Nothing unifies people on opposite sides of our hairline fracture of a political divide quite like a public figure who openly ridicules their shared sacred cows.  Here we have a conservative and an apparent progressive reviling the prince of darkness himself, Gore Vidal, for more or less the exact same reasons.  You might think the man was a cannibal or something, but no—his real sins were sympathizing with terrorists, having the gall to believe that a U.S. president might have been involved in a conspiracy to drag the country into war, and, of course, anti-Semitism, that catch-all smear for anyone who opposes America’s pro-Israel foreign policy or, worse, suggests that Israel might actually be involved in a land-grab rather than defending its poor innocent self against those bloodthirsty Palestinians.

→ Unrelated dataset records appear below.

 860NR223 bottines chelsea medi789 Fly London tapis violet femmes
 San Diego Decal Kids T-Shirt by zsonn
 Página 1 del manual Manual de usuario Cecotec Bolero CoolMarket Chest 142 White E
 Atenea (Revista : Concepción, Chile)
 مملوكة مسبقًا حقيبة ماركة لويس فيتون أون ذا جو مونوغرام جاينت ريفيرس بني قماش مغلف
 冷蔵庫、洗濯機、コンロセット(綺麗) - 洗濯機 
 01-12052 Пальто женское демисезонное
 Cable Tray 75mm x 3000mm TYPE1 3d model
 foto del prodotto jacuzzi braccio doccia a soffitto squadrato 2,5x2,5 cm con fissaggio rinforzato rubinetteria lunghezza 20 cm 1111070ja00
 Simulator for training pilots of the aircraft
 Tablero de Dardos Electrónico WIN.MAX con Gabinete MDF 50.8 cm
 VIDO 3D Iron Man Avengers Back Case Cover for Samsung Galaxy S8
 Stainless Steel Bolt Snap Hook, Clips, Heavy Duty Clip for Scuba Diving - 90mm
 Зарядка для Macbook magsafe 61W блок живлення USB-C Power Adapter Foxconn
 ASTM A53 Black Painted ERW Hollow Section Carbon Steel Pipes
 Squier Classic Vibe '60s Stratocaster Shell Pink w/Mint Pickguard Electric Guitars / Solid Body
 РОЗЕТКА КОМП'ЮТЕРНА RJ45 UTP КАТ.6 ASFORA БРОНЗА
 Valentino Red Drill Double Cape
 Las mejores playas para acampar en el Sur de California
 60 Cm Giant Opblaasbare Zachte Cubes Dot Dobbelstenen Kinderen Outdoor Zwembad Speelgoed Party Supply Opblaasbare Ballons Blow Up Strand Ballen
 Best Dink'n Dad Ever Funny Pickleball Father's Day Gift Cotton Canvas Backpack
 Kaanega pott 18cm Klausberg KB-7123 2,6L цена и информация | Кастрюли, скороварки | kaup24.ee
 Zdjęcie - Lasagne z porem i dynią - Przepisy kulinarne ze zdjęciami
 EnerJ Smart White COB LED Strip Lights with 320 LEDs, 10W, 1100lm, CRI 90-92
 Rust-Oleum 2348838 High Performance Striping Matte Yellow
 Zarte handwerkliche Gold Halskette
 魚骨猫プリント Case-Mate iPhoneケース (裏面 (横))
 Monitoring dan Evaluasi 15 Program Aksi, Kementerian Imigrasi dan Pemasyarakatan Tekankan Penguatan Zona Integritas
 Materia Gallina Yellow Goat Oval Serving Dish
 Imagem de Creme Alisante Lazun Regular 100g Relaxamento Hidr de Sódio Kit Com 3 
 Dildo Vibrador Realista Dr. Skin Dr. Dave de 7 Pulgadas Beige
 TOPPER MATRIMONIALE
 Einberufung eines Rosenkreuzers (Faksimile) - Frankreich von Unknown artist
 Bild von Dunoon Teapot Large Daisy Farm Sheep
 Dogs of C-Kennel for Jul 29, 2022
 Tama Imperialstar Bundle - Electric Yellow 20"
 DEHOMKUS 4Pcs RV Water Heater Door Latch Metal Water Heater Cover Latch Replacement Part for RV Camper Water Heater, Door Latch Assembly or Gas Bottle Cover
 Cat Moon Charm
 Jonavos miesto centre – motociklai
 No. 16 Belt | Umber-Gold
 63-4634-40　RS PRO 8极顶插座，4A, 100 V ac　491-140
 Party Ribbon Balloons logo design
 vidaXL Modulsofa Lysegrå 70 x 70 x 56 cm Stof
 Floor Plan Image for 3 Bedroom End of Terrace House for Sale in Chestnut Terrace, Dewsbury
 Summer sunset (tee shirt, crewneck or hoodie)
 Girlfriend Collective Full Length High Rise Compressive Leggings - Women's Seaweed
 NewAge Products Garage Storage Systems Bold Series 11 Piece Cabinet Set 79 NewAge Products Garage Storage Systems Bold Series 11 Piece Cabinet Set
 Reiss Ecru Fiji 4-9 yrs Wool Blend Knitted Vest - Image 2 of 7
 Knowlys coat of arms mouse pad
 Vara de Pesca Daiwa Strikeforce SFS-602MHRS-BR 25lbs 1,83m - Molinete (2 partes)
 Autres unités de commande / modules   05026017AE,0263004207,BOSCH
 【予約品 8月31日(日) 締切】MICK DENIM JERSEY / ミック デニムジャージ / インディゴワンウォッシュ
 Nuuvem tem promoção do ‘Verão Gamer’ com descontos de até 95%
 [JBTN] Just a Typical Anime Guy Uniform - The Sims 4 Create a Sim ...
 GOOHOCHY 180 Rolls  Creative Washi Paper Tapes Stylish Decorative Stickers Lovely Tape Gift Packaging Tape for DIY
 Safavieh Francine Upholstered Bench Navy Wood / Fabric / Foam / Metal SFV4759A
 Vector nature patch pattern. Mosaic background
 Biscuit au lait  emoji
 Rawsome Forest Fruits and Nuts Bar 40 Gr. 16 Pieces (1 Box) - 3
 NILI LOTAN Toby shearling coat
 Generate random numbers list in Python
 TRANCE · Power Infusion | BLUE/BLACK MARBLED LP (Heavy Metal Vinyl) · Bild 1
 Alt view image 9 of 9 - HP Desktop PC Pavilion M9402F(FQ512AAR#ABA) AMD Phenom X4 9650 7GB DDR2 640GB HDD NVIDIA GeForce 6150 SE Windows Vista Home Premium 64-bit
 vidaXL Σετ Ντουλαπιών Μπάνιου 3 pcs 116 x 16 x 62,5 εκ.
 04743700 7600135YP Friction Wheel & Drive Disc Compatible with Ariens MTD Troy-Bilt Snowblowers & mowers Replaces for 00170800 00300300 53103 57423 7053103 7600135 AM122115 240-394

Not surprisingly, the Slate piece was the more humorless of the two, adding racism and elitism (i.e., conservatism) to the list of crimes.  You see, apparently there was a split in the progressive movement around the time of WWI, with the Woodrow Wilson and Teddy R. strain, the true progressives, bringing us the New Deal, and the other strain, embodied by Vidal’s grandfather and presumably Vidal himself, morphing into “Heartland conservatives” who hated immigrants and European cosmopolitanism, and who were isolationists (which, in case you didn’t know, also means anti-Semite).  A couple of nice ironies here.  First of all, I don’t think you could find a better example of a European cosmopolitan than Gore Vidal, who lived in Rome and had a villa on the Amalfi Coast and who relentlessly ridiculed the cultural backwardness of bible-thumping Americans (and who proclaimed that all people were naturally bi-sexual).  And second, Woodrow Wilson, exemplar of the right and true progressive path?  He may be the closest the U.S. has had to a Klansman-in-chief.

It’s true that Vidal was an elitist.  Just the other day I heard an excerpt from an old radio interview in which he said that all social change comes from the people at the top, not the bottom.  I guess that explains his inability to completely shake his affinity for the Democratic Party, and his belief that Hillary Clinton would have been something other than just another typical president.  To my mind, these are surer signs of malign influence than any sympathy he had for the victims at Ruby Ridge.

Quibbles with his politics aside, though, his essays (haven’t read any of his fiction) are a pure pleasure to read.  He was a master of deadpan mockery and the elegant put-down, and watching him (in print or on TV) destroy the self-appointed guardians of the political status quo, like the two clowns linked to above, is about as enjoyable a spectator sport as there is.

2 thoughts on “Eugene Lucifer Gore Vidal

  1. You _seriously_ haven’t read any of his fiction??? There are 2 types: the historial novel, in which he seriously investigates American history and real figures from the perspective of some fictional centre character; and his speculative fiction/sci-fi/fantasy – hilarious. IMHO his fiction far outweighs his contribution as a critic and polemicist. Go to your library now…

    • That’s not exactly true. I have read a couple of his short stories but none of his novels. I’ve been meaning to check one out at some point, though. I guess now would be as good a time as any.